### Work request
Exclude the images and repeat all remaining entries exactly.

### Data to process
—————

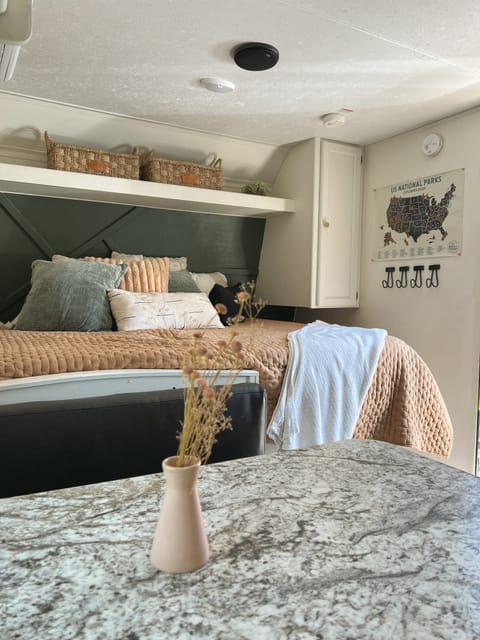 Cozy Casita | 2018 Keystone Hideout- Easy to Tow! Towable trailer in Westminster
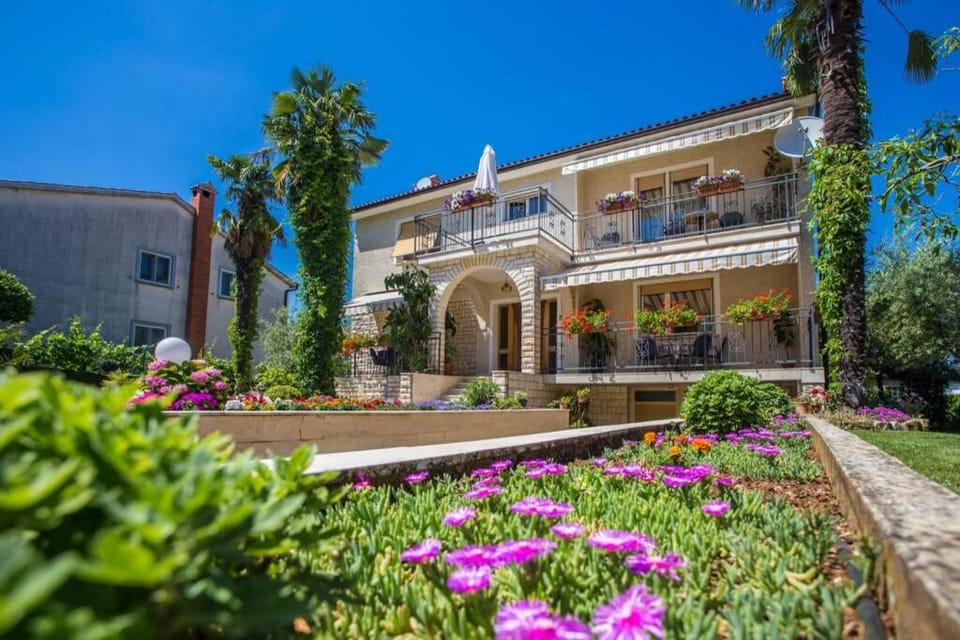 Property building, Garden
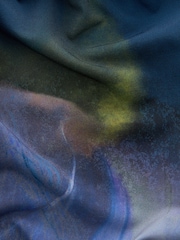 Marineblau/Aquarellmuster - Langärmelige Bluse mit V-Ausschnitt und Bündchen - Bild 6 von 6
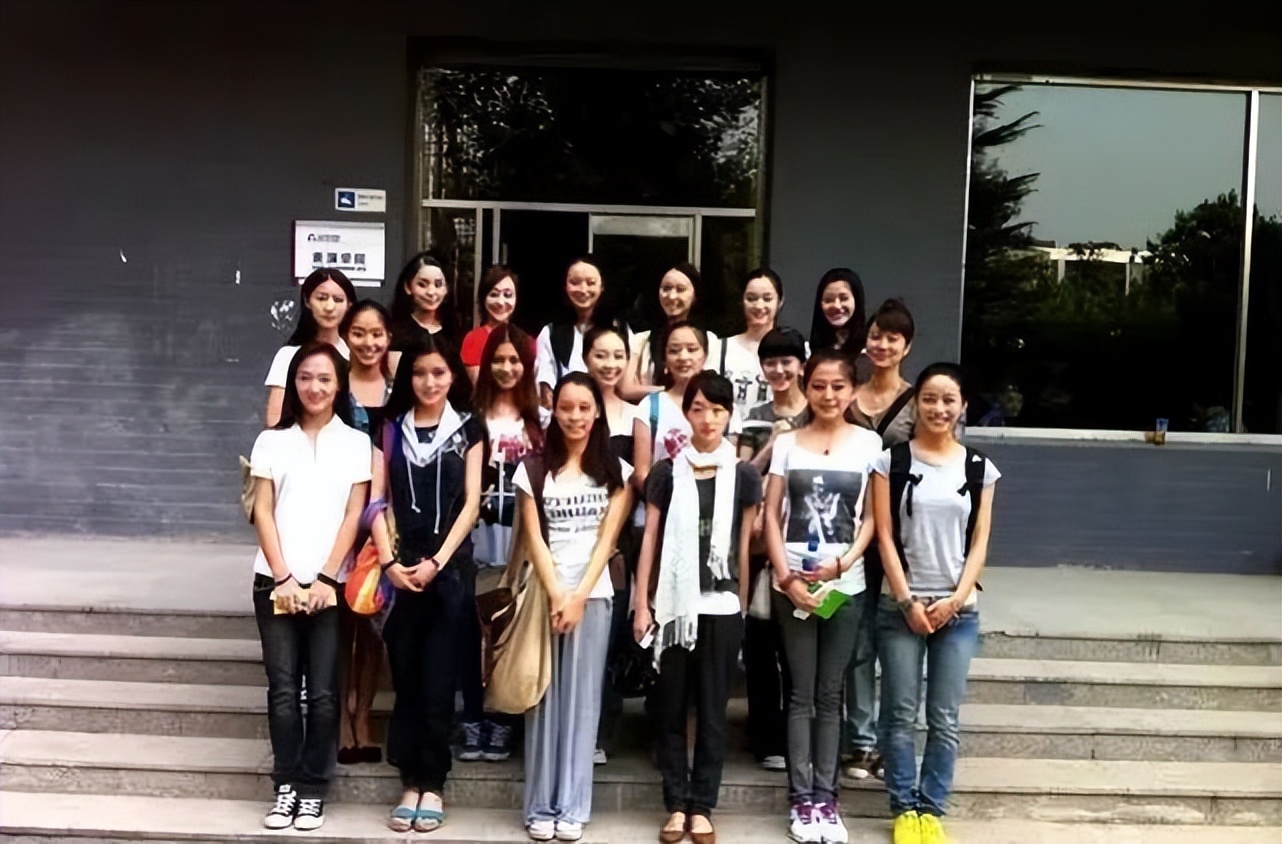 周冬雨马思纯现状,周冬雨马思纯拿奖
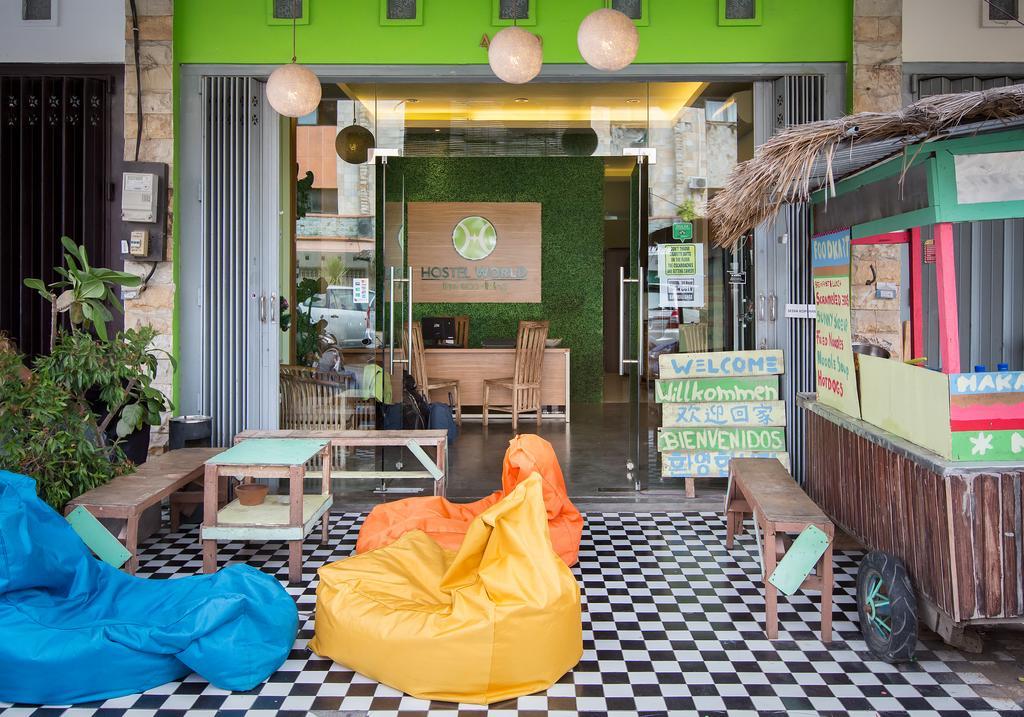 The Eco-Living Hostel Denpasar  Luaran gambar
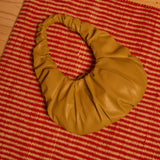 The Sticky Sis Club - IL SOLE croissant hand bag • sunkissed gold - Handtasche - ROSA ECK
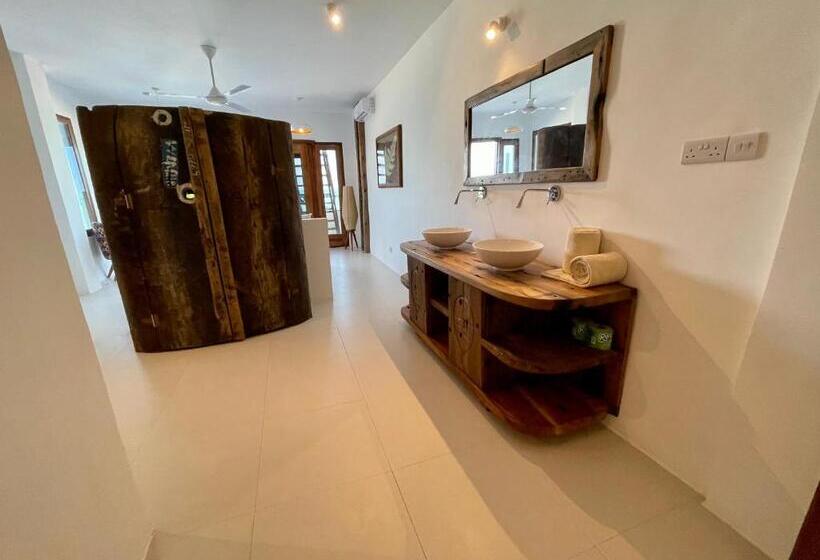 جناح جونيور مطلّ علي البحر, Mahali Zanzibar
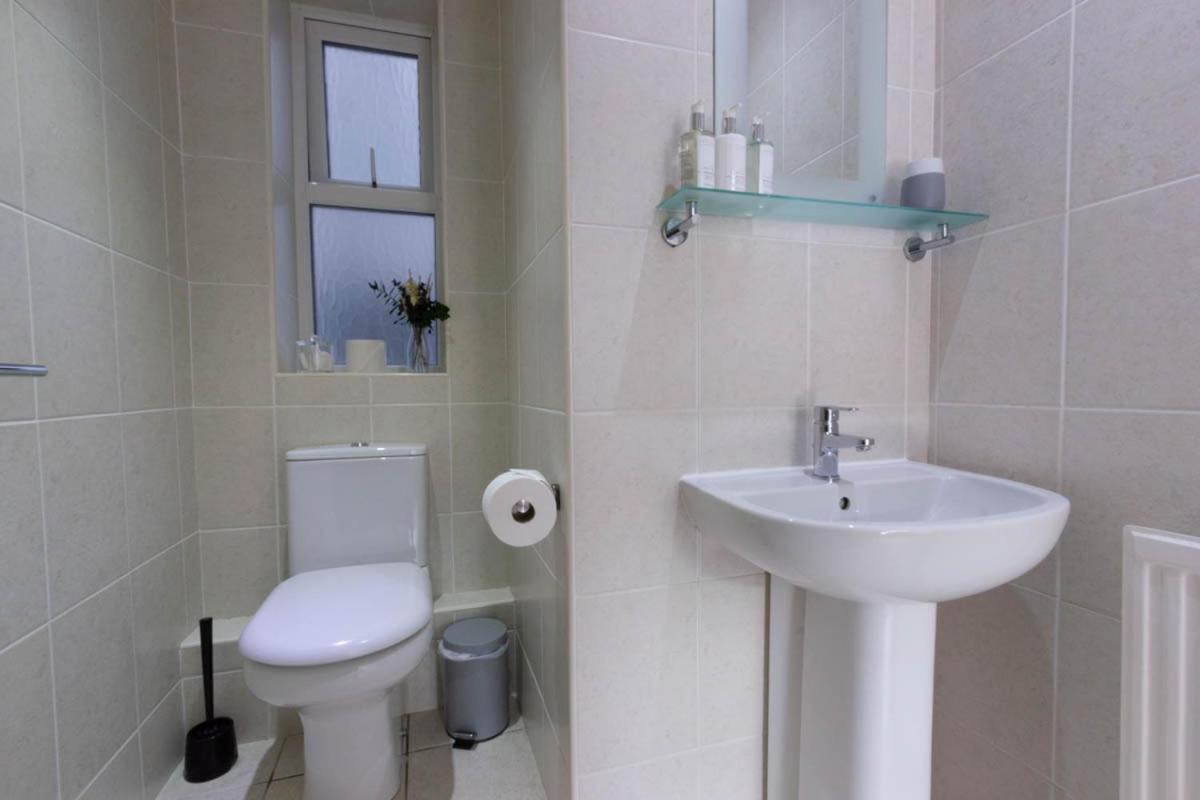 Gasthuis The White House 4*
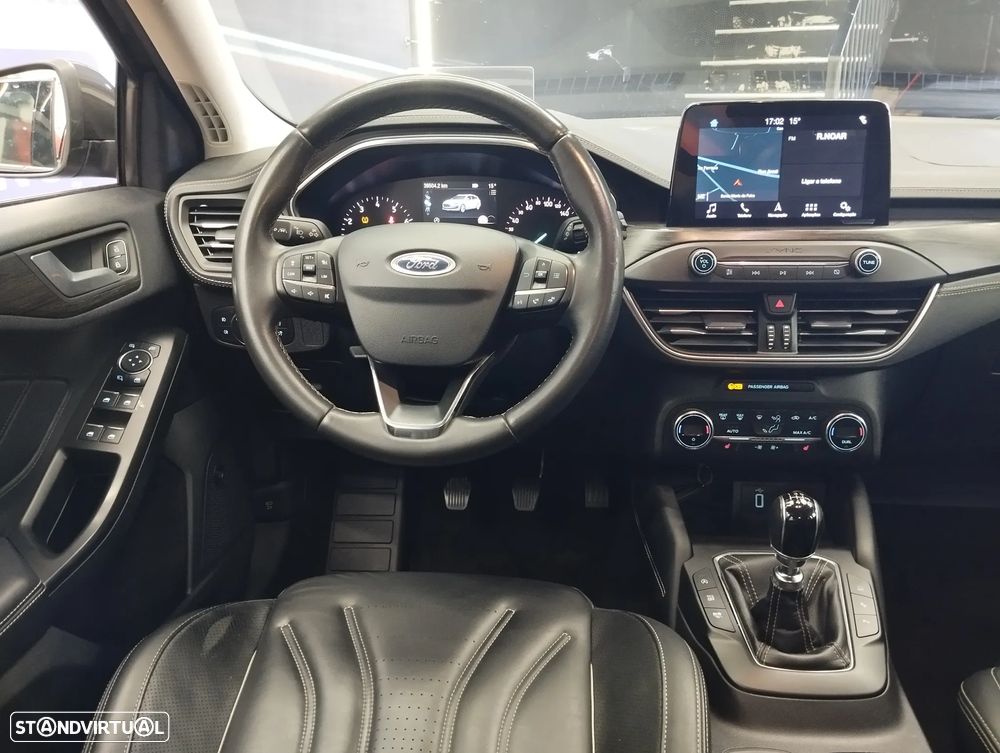 Ford Focus SW 1.0 EcoBoost Vignale - 16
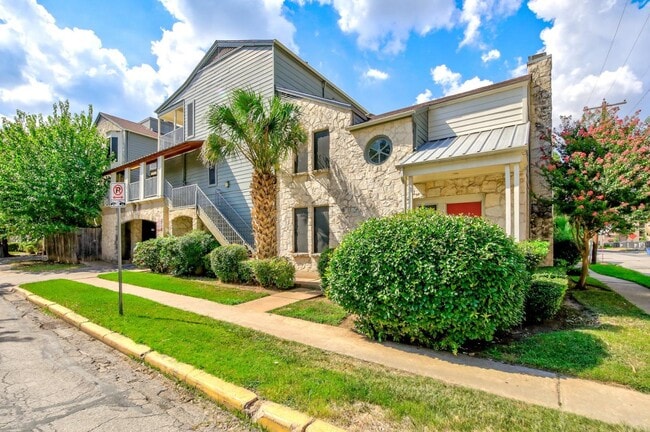 Primary Photo - 2529 Rio Grande St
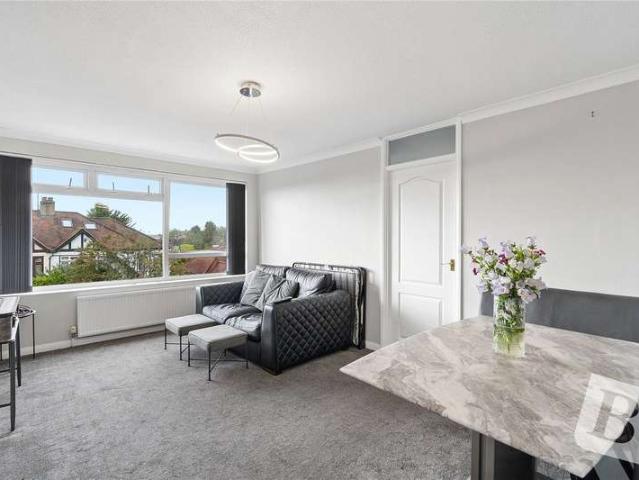 Flat for sale in Hornchurch, Greater London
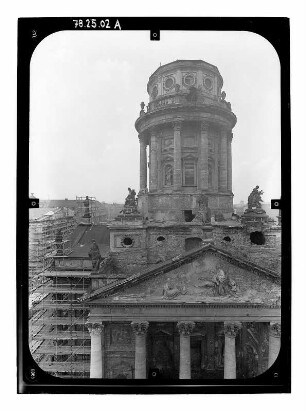 Berlin-Mitte. Französischer Dom (Wiederaufbau 1981/1987). Giebel und Turm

—————

### Answer to this exercise
 Cozy Casita | 2018 Keystone Hideout- Easy to Tow! Towable trailer in Westminster
 Property building, Garden
 Marineblau/Aquarellmuster - Langärmelige Bluse mit V-Ausschnitt und Bündchen - Bild 6 von 6
 周冬雨马思纯现状,周冬雨马思纯拿奖
 The Eco-Living Hostel Denpasar  Luaran gambar
 The Sticky Sis Club - IL SOLE croissant hand bag • sunkissed gold - Handtasche - ROSA ECK
 جناح جونيور مطلّ علي البحر, Mahali Zanzibar
 Gasthuis The White House 4*
 Ford Focus SW 1.0 EcoBoost Vignale - 16
 Primary Photo - 2529 Rio Grande St
 Flat for sale in Hornchurch, Greater London
 Berlin-Mitte. Französischer Dom (Wiederaufbau 1981/1987). Giebel und Turm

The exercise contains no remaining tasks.